After our trip, I began to read todays Gospel to prepare for this sermon. Blessed are you who…
Are hated, excluded, reviled and defamed because of Christ
And woe to you who…
Are spoken of highly
We’ve heard some of these words before – or something pretty similar – found in the gospel of Matthew in the more famous Sermon on the Mount. Today’s gospel is referred to as the Sermon on the Plain. The Plain – a level place where all who heard Jesus teach were standing as equals – no advantages or disadvantages on being able to see or hear the words Jesus taught. While the Sermon on the Mount focuses only on the “blessed are they who”, Luke’s version of this event describes the flip side – for there is often a flip side to who we are and what our lives are really like in their totality.
Blessings…boy to we Christians love this word! We are blessed when things go well for us – a new job, a renewed friendship, even stumbling across a sale on a great pair of shoes gets labeled as a blessing! We thank God for blessing us with another year on our birthdays and God certainly blesses us when we find a $20 bill in our jacket pocket that we haven’t checked since the last cold snap. So does that mean that we are doing something right? Living our best lives at that very moment? And if that is true, then isn’t the opposite also true? When we don’t find ourselves so “blessed” – are we doing something wrong and somehow deserve our woes?
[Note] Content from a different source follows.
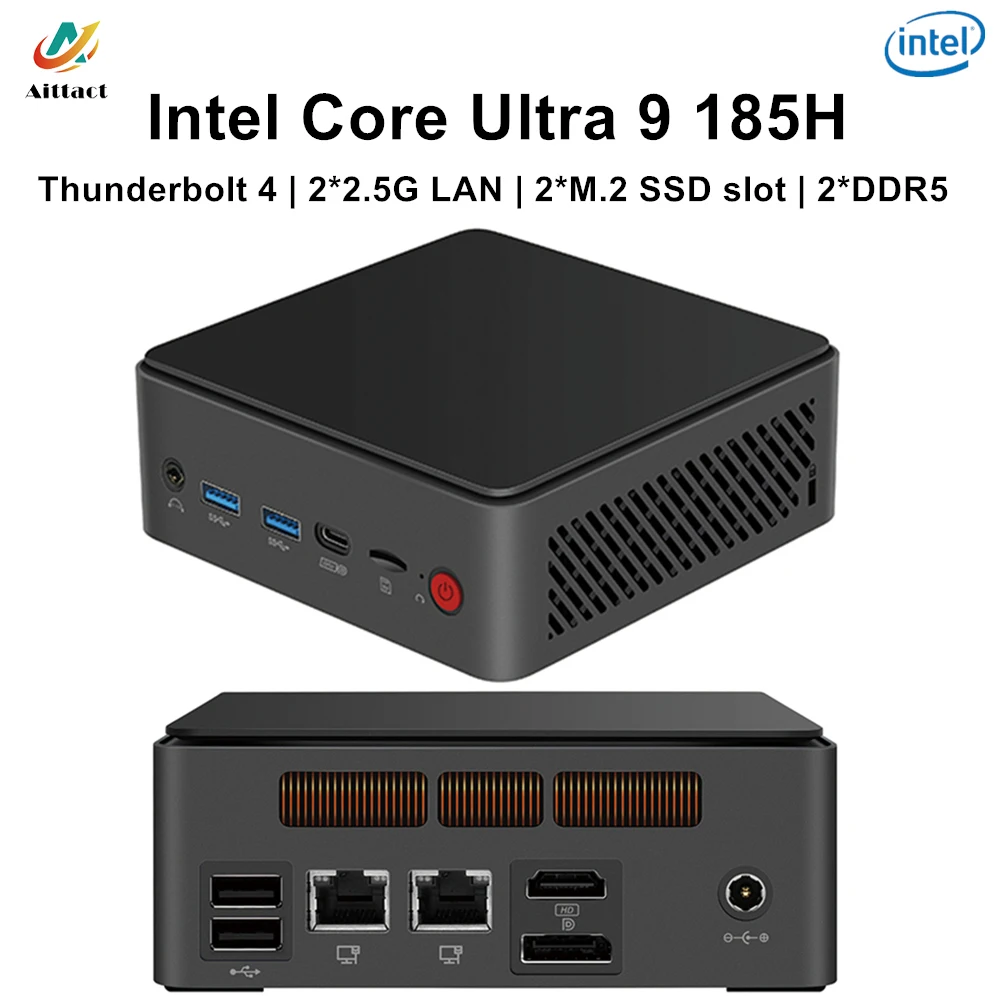

Игровой мини-ПК Aittact AI Intel Core Ultra 9 185H 7 155H Thunderbolt 4 2x2.5G LAN 2xPCIE4.0 слот 2xDDR5 Windows 11 Настольный Wi-Fi6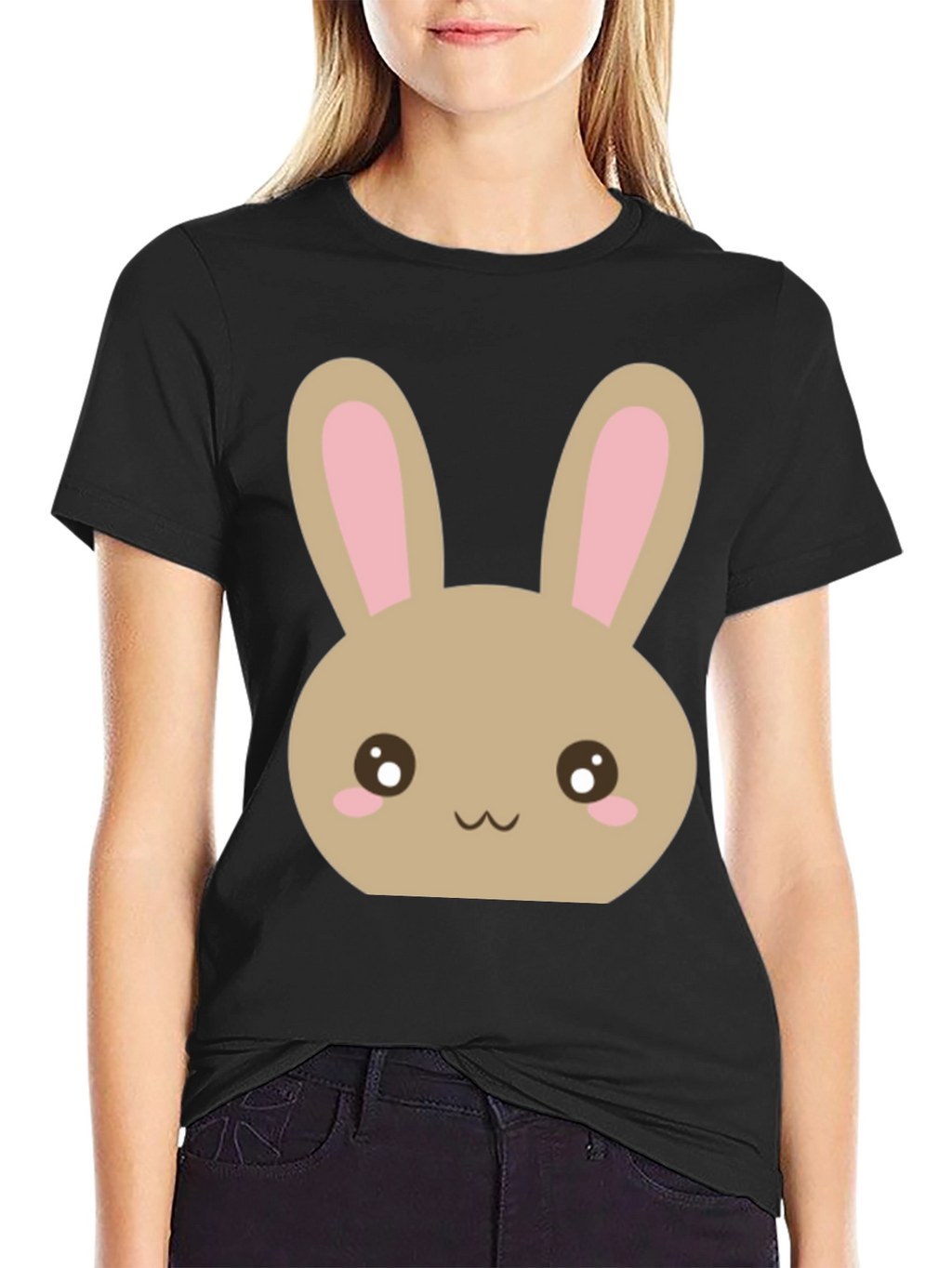 Cute Easter Bunny Black T-Shirt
That’s just not how God works – handing out random blessings and woes to each person on the planet sounds like some kind of god that I’m not interested in having a relationship with. In fact, that seems rather cruel and without any sort of God-like intention at all. This passage from our Gospel reading today speaks nothing of what God supposedly hands out to us in the way of blessings and woes, but rather speaks about our current lived condition. Sometimes life is easier and sometimes life is harder. And while some things are completely outside of our control, there are many ways that we use our privilege to keep our privilege for ourselves, even at the expense of others.
Let me be very clear….God does not say to give up your money, or your food, or to stop laughing and become a person who is ridiculed by others. Whew! Instead we are called to use our access to these points of privilege to reach out to those to whom Jesus DESIRES and some may say even prefers – those who live at the margins of our very own communities. The blessings that Jesus names are also for those whose lives are not privileged by birthright, who have been victimized by the very structures from which many of you, and certainly I benefit. These are not intended to be exclusionary to those who are privileged, but rather leveraged by the very people who have them and take them for granted. To stand with those in the margins requires something of us – and it’s something that is easy to tweet about or discuss over dinner – but it’s quite another when it gets right down to it. It requires us to give up some of our power with the intention of giving it to others.
One of the things I love the most about being a part of this faith community here at the Cathedral is the breadth of diversity found in these pews. People from all stations of life made a decision today to come to this sacred place to worship God together in community. What you are wearing, where you slept last night, and how much money you will place in the offering plate is of no consequence to being able to gather together. This is not a place where attaining social status equals a reward of a spot at the altar rail in a few minutes, when we offer ourselves humbly to God and partake of Communion. Instead, all are welcome. This is a place where children make valentine cards to share with the residents at Peterborough Apartments and tie die t-shirts to sell as we approach the Pride celebration. This is a place where dozens of parishioners give of their time to support the students and staff at Campbell Park Elementary School. This is a place that actively looks for ways to support the community and people who have been sidelined and oppressed by systemic racism, classism, and sexism. These very things that Jesus is preaching about on this level place in todays Gospel – is meant to remind us that we are joining with his followers and the rest of the people who were clamoring to hear the Good News of Jesus Christ. And friends, we have so much more to do to extend the radical love of Jesus Christ into our communities. This is the REAL emergency that affects us all.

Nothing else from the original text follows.